Pero todos tenían la esperanza de que el Führer no lo haría hasta bien entrado 1942 y para entonces el país ya contaría con un ejército capaz de contenerlo. No fue así. Para pasmo general, el 22 de junio de 1941 empezó la invasión por Odessa, Kiev y Minsk. El grado de sorpresa fue tal que Stalin se negó a creer en la información que le llegaba del frente, como había ignorado la alerta suministrada por sus espías, y continuaba creyendo que todo se debía a un error que Hitler desconocía o a una provocación. Sólo a medida que fueron pasando las horas y confirmándose las noticias se impuso la realidad en el Kremlin.
Una realidad dramática, dado que no se había previsto nada efectivo para una situación así. Todos los ruegos que el mariscal Zhukov, jefe de Estado Mayor, había hecho en ese sentido a lo largo de las semanas anteriores se habían estrellado contra un doble muro: el de la política, en el que los jerifaltes comunistas no se atrevían a llevar la contraria a su líder por la cuenta que les traía (aunque había aflojado bastante, aún se mantenía activa la Gran Purga, en la que fueron aniquilados cientos de miles de ciudadanos y mandos del ejército, muchos de ellos comunistas y miembros de la cúpula del partido, acusados de traidores, espías y saboteadores) y el militar mismo, donde otros mariscales como Kulik, Voroshilov o Timoshenko no estuvieron a la altura.

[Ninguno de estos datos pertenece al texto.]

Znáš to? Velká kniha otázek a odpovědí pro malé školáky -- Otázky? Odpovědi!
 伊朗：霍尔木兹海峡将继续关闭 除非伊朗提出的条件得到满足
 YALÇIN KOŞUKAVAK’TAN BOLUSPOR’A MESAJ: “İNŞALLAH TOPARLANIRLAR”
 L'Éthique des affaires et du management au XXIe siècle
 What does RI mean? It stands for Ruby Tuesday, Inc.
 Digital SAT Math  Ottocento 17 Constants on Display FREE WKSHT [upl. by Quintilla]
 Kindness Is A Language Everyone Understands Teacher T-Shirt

La caída de Minsk el 28 de junio provocó una crisis aún mayor: no había informes, no se sabían datos. Stalin montó en cólera y en una reunión con sus ayudantes tuvo que ver los rifirrafes que se producían entre ellos, especialmente entre Beria, jefe del servicio secreto, y Zhukov, probablemente el único que osaba levantarle la voz sin miedo a las represalias (incluso al mismísimo Stalin, con el que también discutió agriamente cuando el otro le acusó de no estar enterado de lo que pasaba en el frente) y quien quería que la guerra fuera dirigida exclusivamente por militares.
Al salir de la reunión, Stalin estaba profundamente deprimido; tal como cuentan en sus memorias algunos miembros del Politburó como Molotov, Beria y Chadaev, el Vozhd dijo que habían «mandado a la mierda» la herencia de Lenin y que dimitía. Molotov creyó que lo decía sólo «para impresionar» y no le dio más importancia, pero cuando al día siguiente vieron que no se presentaba en el Kremlin y no se ponía al teléfono, se dieron cuenta de que la cosa era más grave. Stalin se había retirado a su dacha de Kuntsevo donde, incapaz de dormir, iba de acá allá sin hacer nada concreto. Durante un par de días, el gobierno estuvo inactivo en plena guerra.

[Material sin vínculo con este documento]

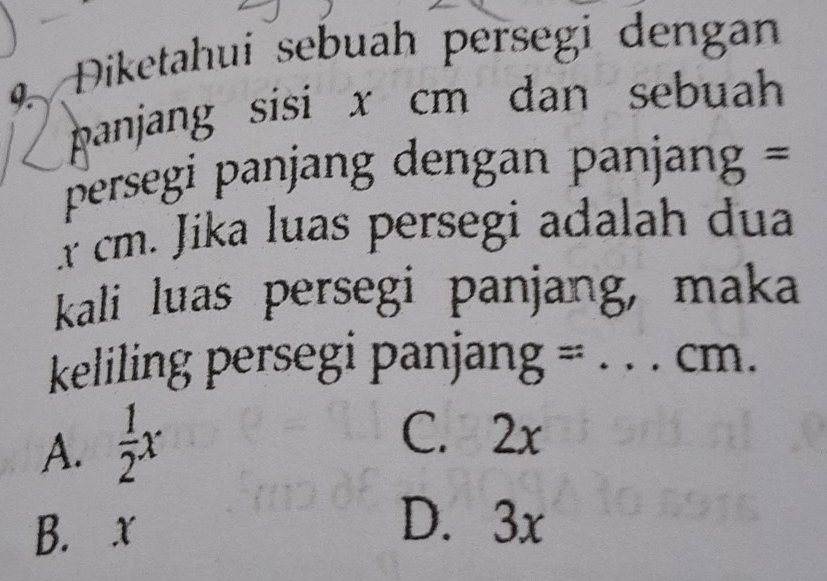 Diketahuí sebuah persegi dengan
panjang sisi x cm dan sebuah 
persegi panjang dengan panjan =
x cm. Jika luas persegi adalah dua
kali luas persegi panjang, maka
keliling persegi panjang = ._  cm.
A.  1/2 x
C. 2x
B. x
D. 3x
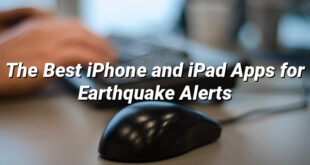 The Best iPhone and iPad Apps for Earthquake Alerts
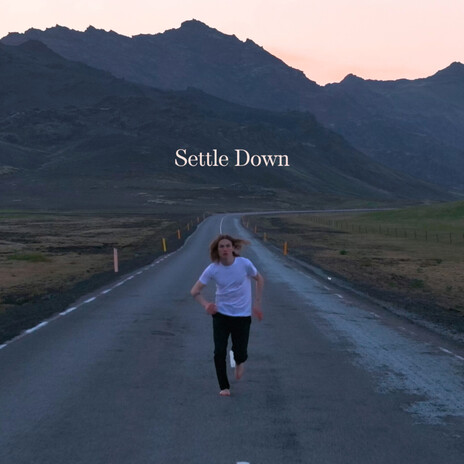 Settle Down | Boomplay Music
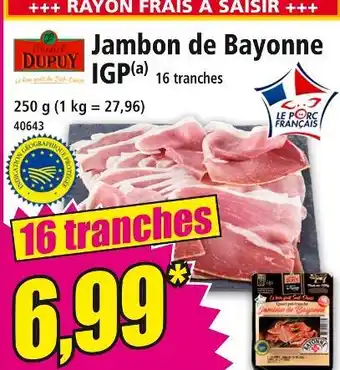 Norma Michel Dupuy Jambon de Bayonne IGP offre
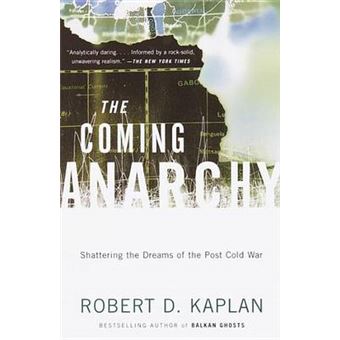 The Coming Anarchy - 1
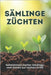 Sämlinge Züchten: Ein umfassender Leitfaden für gesunde, starke und produktive Setzlinge: von der Samenauswahl bis zur Aussaat im Boden oder Gewächsha by Svitana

Así las cosas, se formó un comité de defensa formado por sus más allegados: Beria, Molotov, Voroshilov y Malenkov y tres bolcheviques más que propondrían a Stalin liderar ese grupo; para ello, le visitaron personalmente. Stalin, «delgado, ojeroso y lúgubre», les recibió con desconfianza preguntándoles a qué habían ido. Pensaba que querían destituirle y arrestarle, cuentan Mikoyan y Beria, pero cuando le propusieron la presidencia del comité cambió de expresión («la tensión desapareció de su rostro»). Y, aunque no está del todo claro cuánto había de depresión sincera y cuánto de pose, la crisis quedó resuelta. El país seguía teniendo su líder, nombrado además verjovnyi (generalísimo); pero, como escribiría Beria, «fuimos testigos de los momentos de debilidad de Stalin. Iosiv Vissarionovich nunca nos perdonará esa jugada».